Pain and insanity: Unicode filenames and Qt
I'm going bonkers here.
I am using PySide (tried PyQt also) but I can't possibly get QFile to open a file when the filename contains unicode characters (e.g. "/home/user/þæö.txt" ).
QFile.open always returns False on these kind of files, but works fine when the name only contains ASCII characters.
Python's open() function also works fine for the unicode filenames.
I've tried mangling the filename in every way I know, decoding it to utf8, encoding it into a bytestring and whatever. But no avail.
Havin run this with strace I realized that what Qt is doing is that it simply strips all the unicode characters from the filename before calling the system's open() function, so it's really just trying to open a non-existing file.
I made this script to demonstrate the problem http://pastebin.com/rKCkeJNQ
If you guys don't mind, I would appreciate if you could run it and see if you get the same result, to see if this is some problem with my system.

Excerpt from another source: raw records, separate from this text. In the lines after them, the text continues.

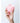 The Original MakeUp Eraser Cloud Cleanse Balm / 1.23 oz.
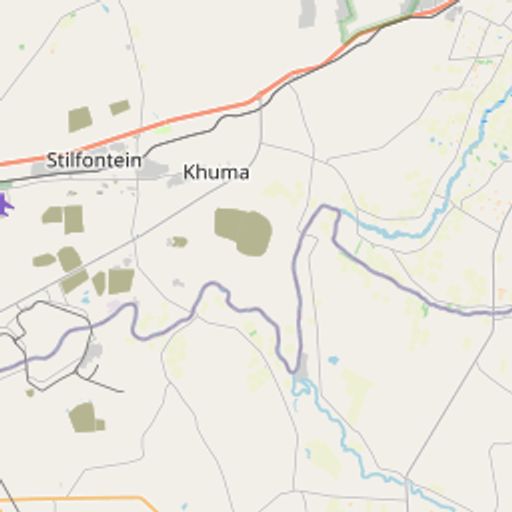Location Image placeholder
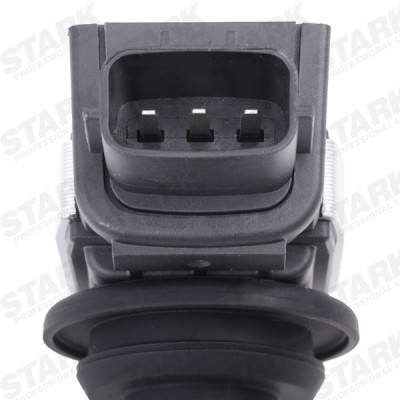 Ignition Coil Stark SKCO-0070110 SKCO-0070110 - photo 5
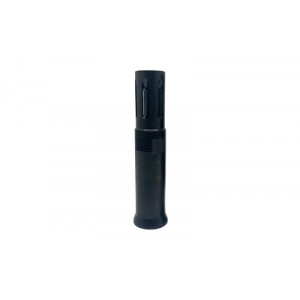 OCL OPS/AE OTB FLASH HIDER BLK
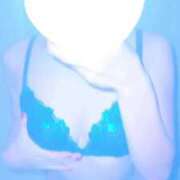 ヒメ日記 2025/08/09 16:02 投稿 てりあ♡黄金比★美Body ラブチャンス(福岡)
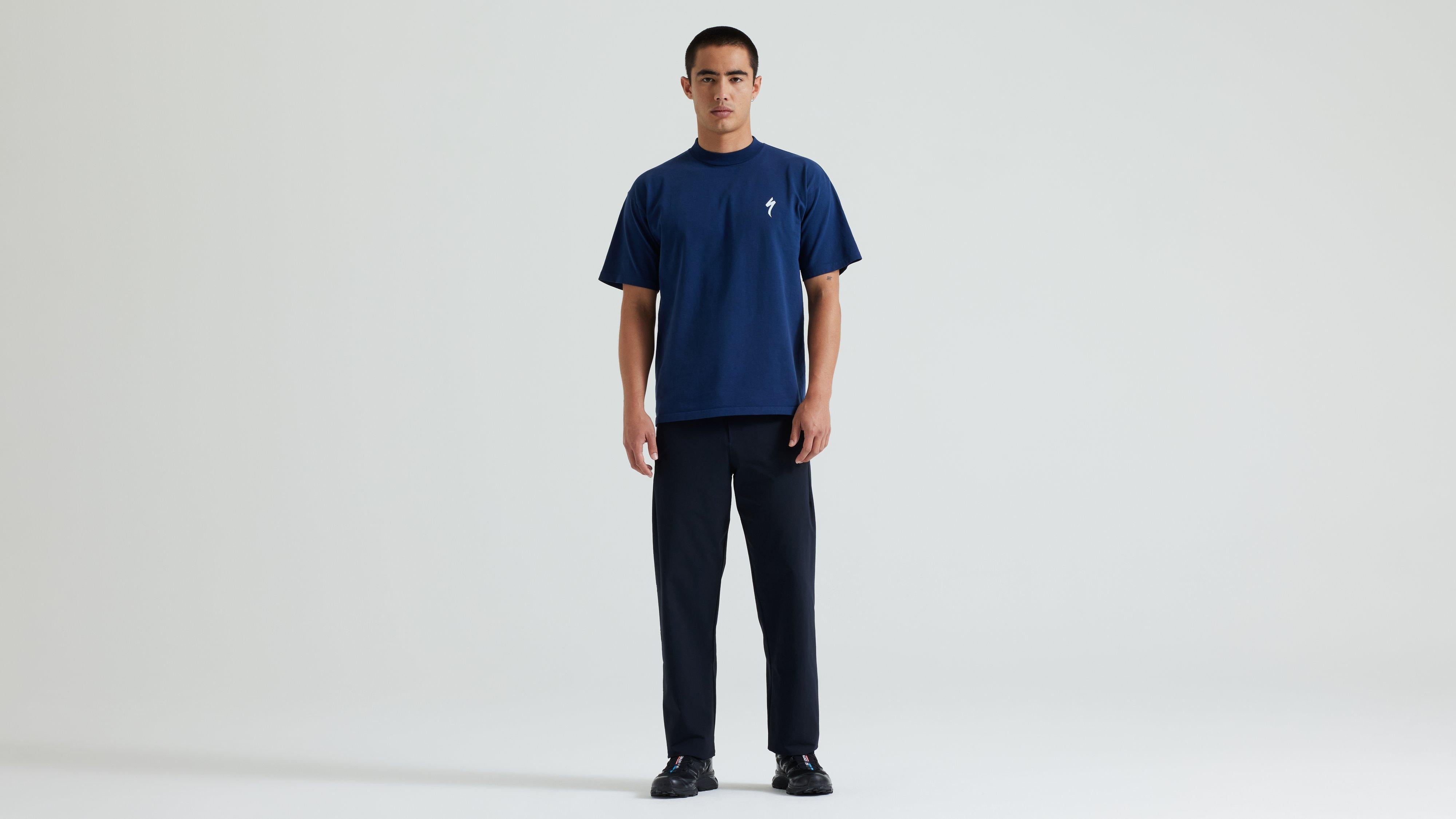 65123-111_APP_S-LOGO-RELAXED-TEE-SS-DPMRNBLU_HERO.jpg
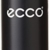 Ecco Ecco Universal Waterproofing Spray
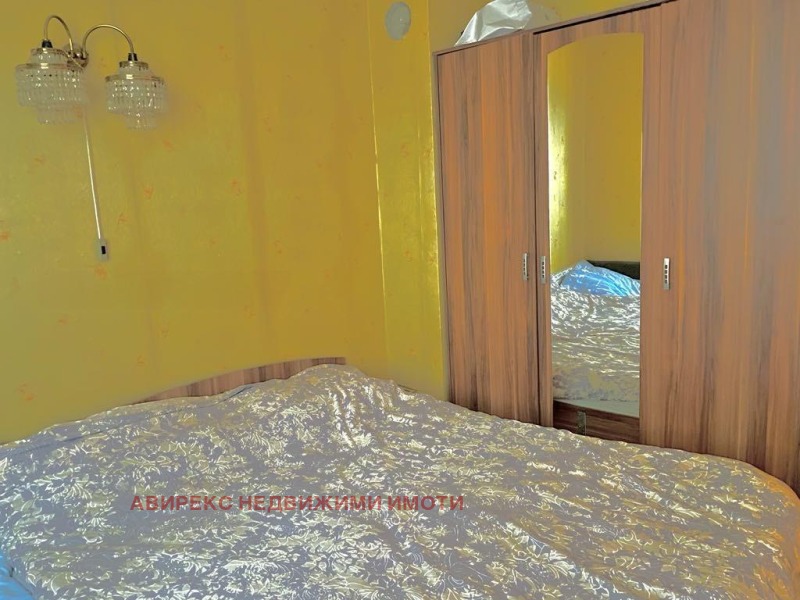 Na prodej  3 ložnice Plovdiv , Kamenica 1 , 101 m2 | 38273860 - obraz [6]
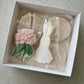 Engagement Pack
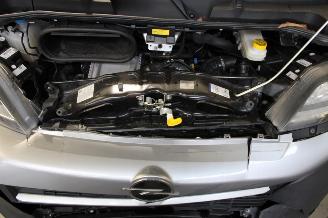 Opel Movano  picture 22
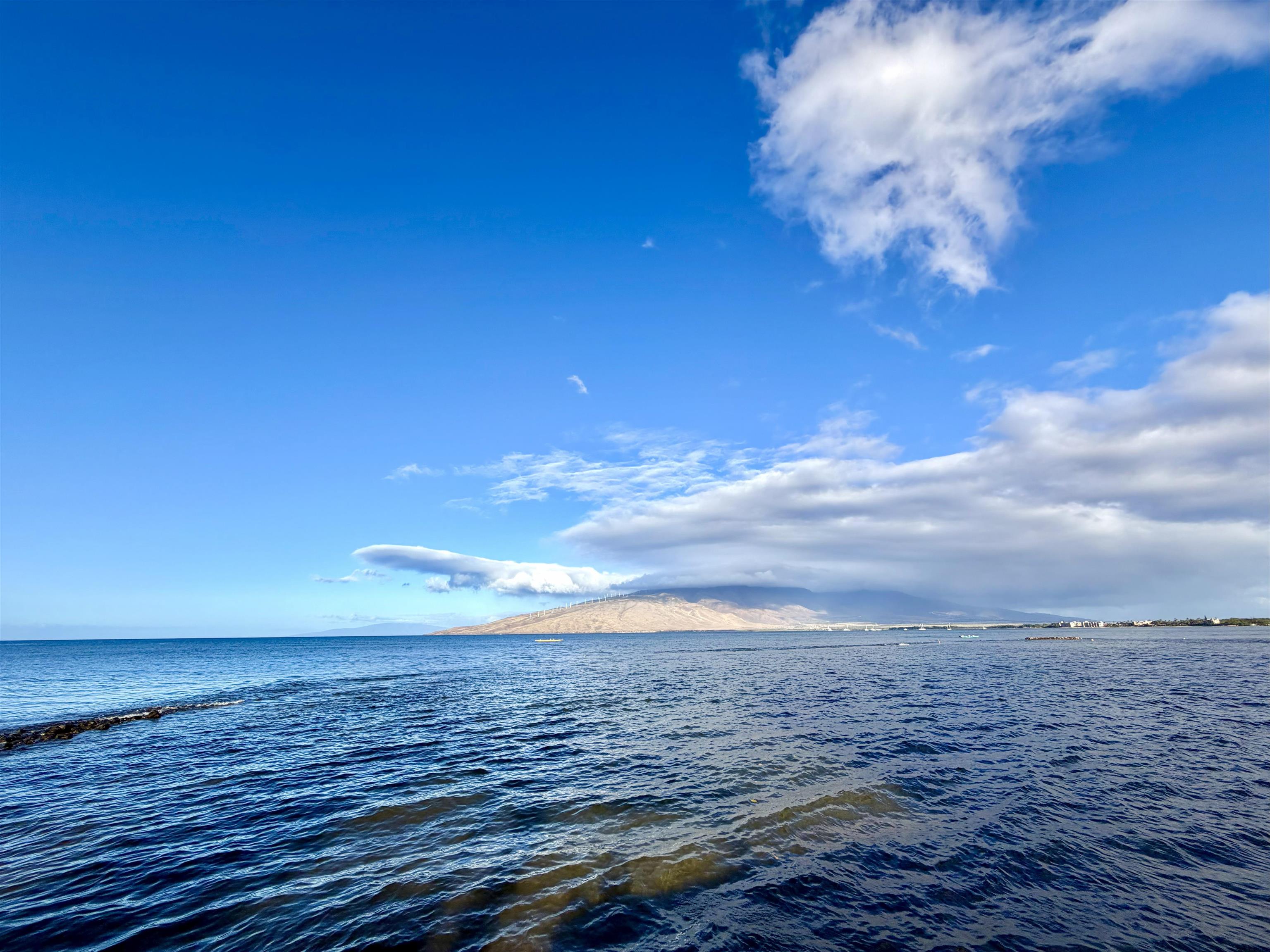 Menehune Shores condo # 304, Kihei, Hawaii - photo 22 of 45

All it does is create a couple of empty files in your system's temp directory and then try to open them with Qt, printing the result to console.
Thanks for reading.
I was crawling through the Qt source code and it looks the filename is always passed through this function in corelib/io/qfile.cpp on unix
static QString locale_decode(const QByteArray &f)

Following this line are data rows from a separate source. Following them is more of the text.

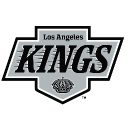 Discovery icon for x - r/LosAngelesKings Discord server
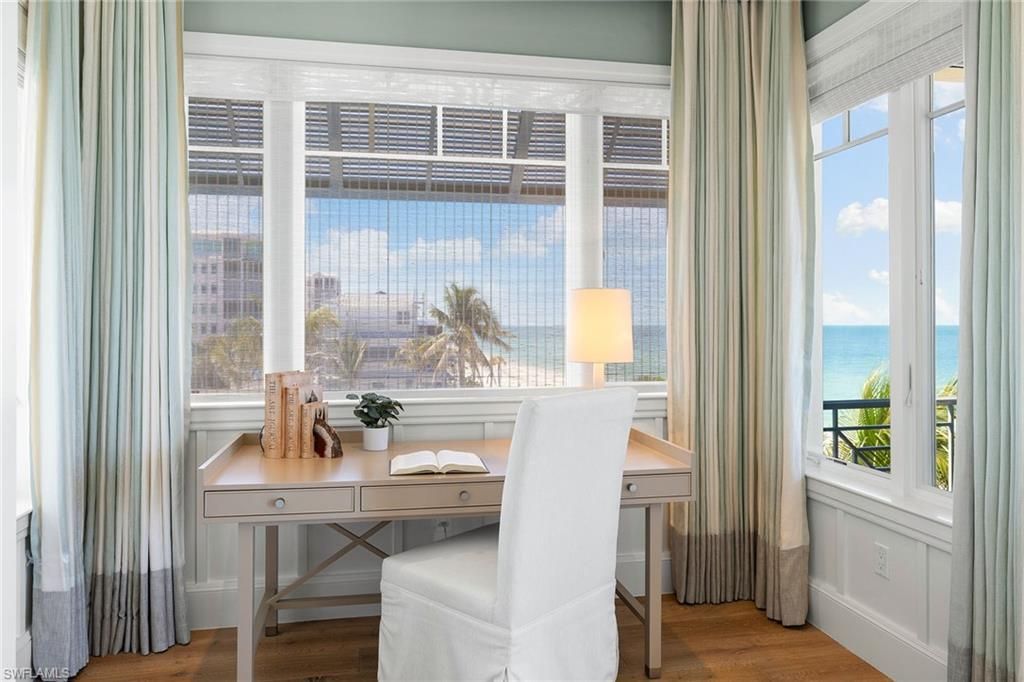 110 Kaula Ln, Bonita Springs, FL 34134 Photo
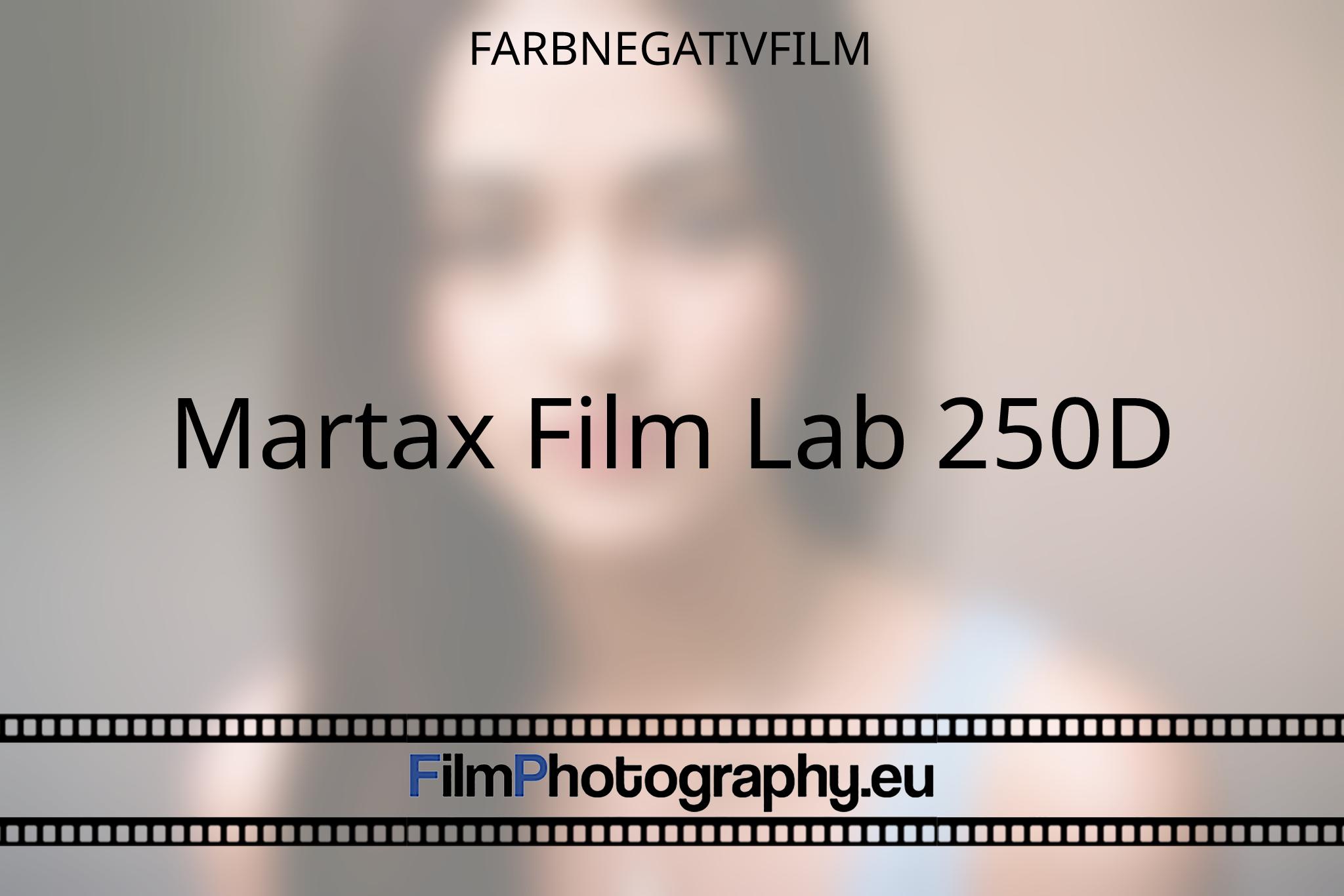 martax-film-lab-250d-farbnegativfilm-5785-bnv.jpg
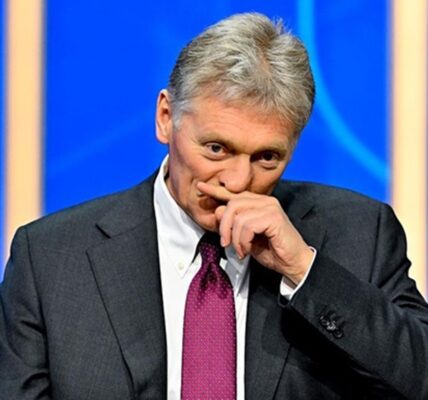 У Путіна відповіли на пропозицію зустрічі у Костянтинівці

// Mac always gives us UTF-8 and decomposed, we want that composed...
SO it's always giving me the "fromLocal8Bit" value of the string.
Which results in unicode characters being stripped from the filename.
What to do with this information, I'm not sure yet.
FromLocal8Bit is what you usually want: It should transcode your local encoding to unicode. This requires your system to be set up correctly though: If your local encoding is set incorrectly the transformation will indeed fail.
Lots of fixes in that area have gone into Qt4.8, are you using that (or newer) ?
It might also be good to check what the encoding is of the file on your filesystem. If you use Windows, it likely is not utf8. If you use Linux, its a 50% chance being utf8 or some other encoding.